For both the null and the alternate for equation 1, the mean value varies as a function of the presence of a predictor, or treatment—in this case, taking Drug X. For the null, we are saying that there is no difference in the mean value of cholesterol count in the blood for the group that took Drug X versus the one that didn’t take Drug X; taking Drug X didn’t effect cholesterol. For the alternate, we are saying there is a difference. Technically, we’re not saying which way the difference works for the alternate, but usually our alternate hypothesis is positivist; taking the drug lowers cholesterol count in the blood.

For the second null equation, consider the standard regression model:

\(y=\alpha+\beta{x}+\epsilon\)

We’re saying with second null hypothesis equation that we don’t expect a change in the outcome (the Y variable) as X changes (the amount of change represented by the β parameter). In relation to our example, under this null, for every unit increase in Drug X, there is no change in the count of cholesterol in the blood. As such, under the null the β parameter equals zero, or equivalently, the slope of the line that best fits the relationship between X and Y is flat (i.e., zero). The alternate hypothesis, similar to what we wrote in our Hypothesis 1 above, is that the β parameter does not equal zero; a change in Drug X dosage does change cholesterol. We can write the alternate hypothesis with the following equation:

\(H_1:\beta\neq0\)

The two null hypothesis equations basically say the same thing but approach the contrast differently. In each case though, there is no relationship between the outcome (the Y variable) and the predictor (the X variable). In contrast, in both alternative hypotheses, we’re saying that there is a difference; taking the drug effects cholesterol count.

Making the Comparison

What we really need though is a way to compare the null hypothesis with the alternate hypothesis in order to determine which hypothesis to reject and which to retain.


—REALLY IMPORTANT POINT—

We do not prove the null hypothesis. We also do not prove the alternate hypothesis. We do not show that the null is ‘right’ and the alternate is ‘wrong’ or vice-versa. The null and the alternates hypotheses take on no-meaning outside of the world of the comparison(s) we are making. We created the null hypothesis, not nature, so there is no objectively true null hypothesis with which to ‘prove’.

—END REALLY IMPORTANT POINT—


What we can do though is look for evidence to reject the null. We do that by establishing whether there is a statistically significant difference between the two hypotheses. This is done usually with a statistical test that generates a p-value, which is a measure of the probability that the difference you observed or a larger difference is due to chance alone. The most common p-value where we say there is a statistically significant difference between two groups or in the slope of an effect (the β parameter) is .05, which means that there is a 1 in 20 probability that the difference we observed or a larger difference is due to chance alone. A p value of .5 would be a 1 in 2 probability; a p-value of .001 would be a 1 in 1,000 probability. The lower the p-value then, the greater our confidence that the difference we observed wasn’t spurious.

If we observe a statistically significant difference, we say that we reject the null hypothesis; in relation to the alternate, we say that we retain the alternate hypothesis.
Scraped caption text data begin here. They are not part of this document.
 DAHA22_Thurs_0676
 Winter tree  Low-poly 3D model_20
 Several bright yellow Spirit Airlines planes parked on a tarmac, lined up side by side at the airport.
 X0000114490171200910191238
If we observe no statistically significant difference, we say that we failed to reject the null hypothesis; but we offer no statement for the alternate in this case. Again, we never prove either hypothesis. Because we started under the assumption that the null was the ‘true’ relationship, by rejecting the null we found statistically compelling evidence that our starting assumption was incorrect. This is NOT the same thing as saying that the null is false and the alternate is true though! Because we always start a new study on the same relationship with the same null hypothesis—regardless of what we learned about the relationship in the last study—we never ‘prove’ any relationship with null hypothesis testing. For the alternate, we didn’t ‘prove’ anything either; the alternate hypothesis lives to see another day, where we once again look for evidence to show that we can retain the alternate hypothesis.
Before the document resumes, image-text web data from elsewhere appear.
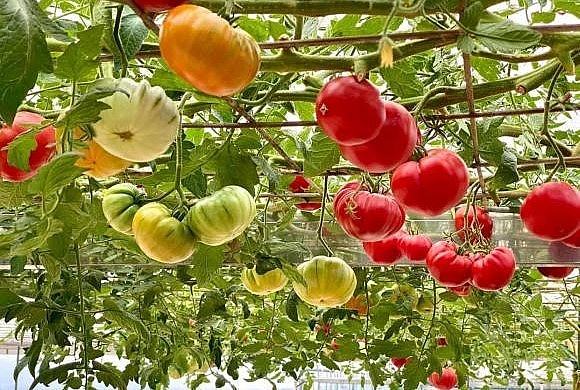 Choáng với vườn rau sân thượng của mẹ trẻ phố núi, nhiều loại hơn cả siêu thị.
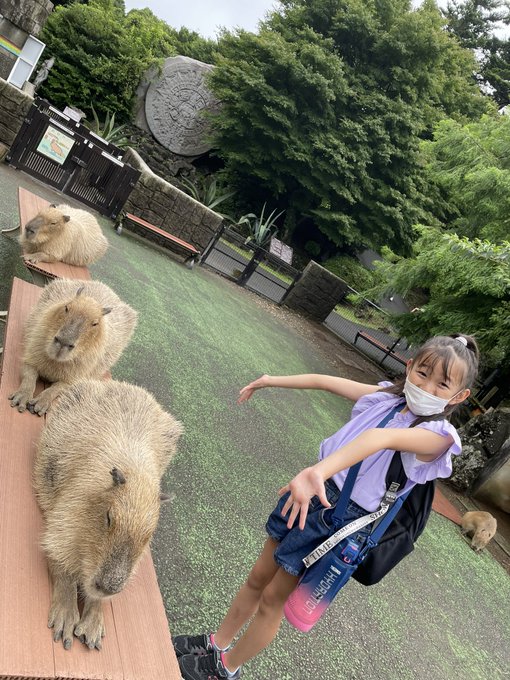 紗矢のTwitter画像43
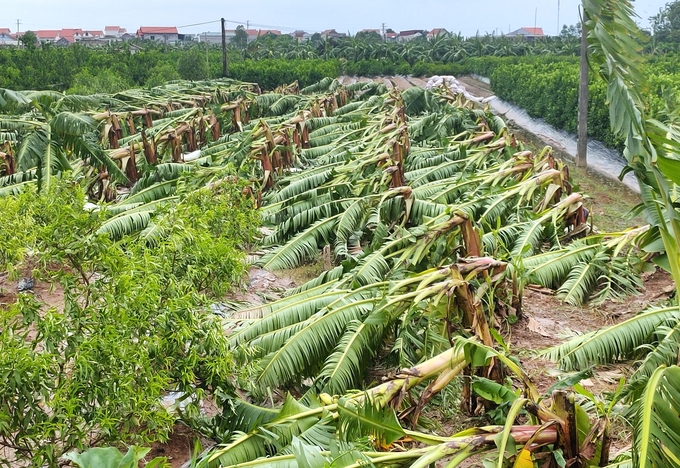 Kỹ thuật chăm sóc để cây ăn quả sớm phục hồi sau mưa lũ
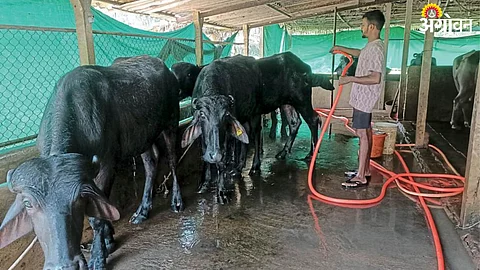 Dairy Farming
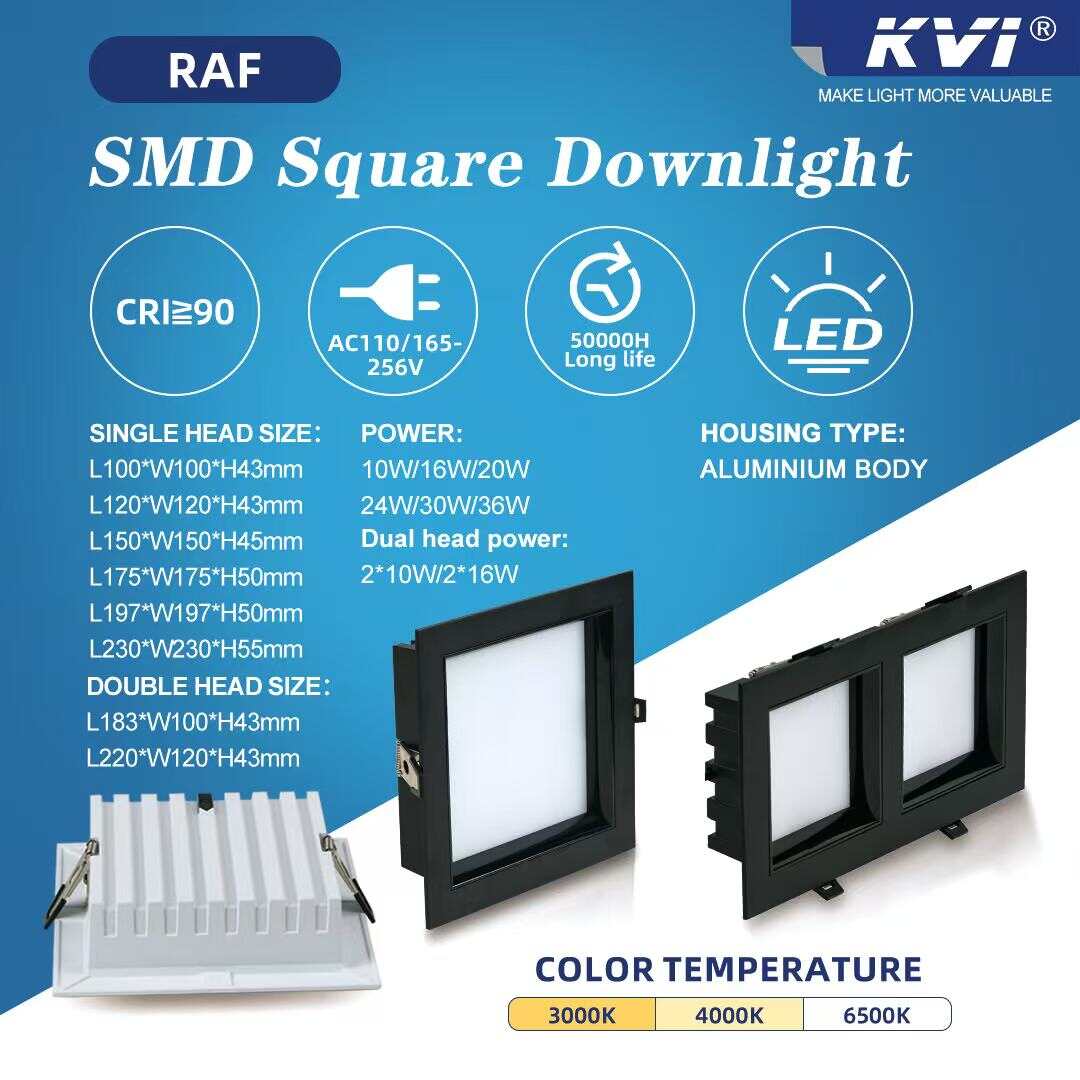 Flexible lighting new choice, single/double head die cast aluminum downlights launched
Drawing the ‘Wrong’ Conclusion – Type I and Type II Error

As with all probabilities, there is the 1 in (whatever) chance that what we are seeing is an aberration/luck/spurious/random occurrence. We’ll explore more about how Type I and Type II errors relate to p-values in another post. Right now though, it’s important to get your mind around what both types of errors mean, and what they mean for null hypothesis testing.

Lets assume that the null hypothesis is that there is no meaningful difference between the mean value of an observed outcome (cholesterol count in the blood does not vary as a function of taking Drug X). A Type I error with this null hypothesis is a false positive. In a false positive, we observed in our data a significant difference between the two groups as a function of whether a participant took Drug X. In reality though, there is no meaningful difference—the drug doesn’t actually work. Our data—or a mistake by the researcher—led us to reject the null, when in fact the null was ‘true’. In technical terms, we incorrectly rejected a true null hypothesis.

A Type II error, again with the null hypothesis that there is no meaningful difference between the mean value of an observed outcome, is a false negative. With the false negative, in our data we observed no significant difference in cholesterol between those that took Drug X and those that didn’t. But the reality is that there was a difference—Drug X actually effects cholesterol—but we didn’t detect a statistically significant difference. Again in technical terms, we incorrectly retained a false null hypothesis.

Both error types are bad in their own way, because we really want to uncover as close to the ‘true’ relationship as we possibly can. But, all statistical tests and research designs have a probability of Type I and Type II error. We can never escape the possibility of drawing the ‘incorrect’ conclusion. Hopefully though, we’re minimizing that possibility.

Criticism

Null hypothesis testing is not without its criticism—much of which is fair but with varying degrees of seriousness—but I’ll leave that for another time. There is one criticism though that I happen to agree with and that I think is a pretty big limitation: very rarely, if ever, does the null hypothesis actually occur in the real world.

Among other things, the problem with setting the null equal to no meaningful difference is because it happens in isolation, that is, without reference to what the effect of X on Y is in reality. Depending on your perspective, this makes it easier to reject the null and find support for your alternate hypothesis. For example, you might hypothesize that entrepreneurial intention is positively related to entrepreneurial action, under the null hypothesis that there is no meaningful relationship between intention and action (i.e., βIntention = 0). In the real world, the probability is very low that intention does not precede action, so you’re a priori more likely to reject the null and support your hypothesis.

A common solution to this problem is bayesian inference, in which we make use of prior evidence along with new information to improve our estimate of the effect of X on Y iteratively, but that’s for a different post :)

Despite its strong assumptions and its shortcomings, I’m a supporter of null hypothesis testing and generally teach from this perspective for two reasons, one practical, and one pedagogical. The practical reason is that alternatives to null hypothesis testing are simply not commonly used nor commonly understood, at least right now. The pedagogical reason is that I think null hypothesis logic helps to simplify many applied statistics concepts, particularly for novice applied statisticians. It’s pretty easy to get your mind around testing the relationship between X and Y starting from the assumption that there is no meaningful relationship there, and looking for evidence that rejects this assumption.

Key Takeaway

Null hypothesis testing is all about setting up a contrast. We start from the perspective that there isn’t really a contrast there—the null is that there is no difference/no relationship between X and Y. When we make the contrast we’re trying to determine, based on a pre-determined probability (the p-value), whether any difference that we did observe is statistically significant (any difference we observed has a low probability of being due to random chance). Remember, we never prove or disprove the null!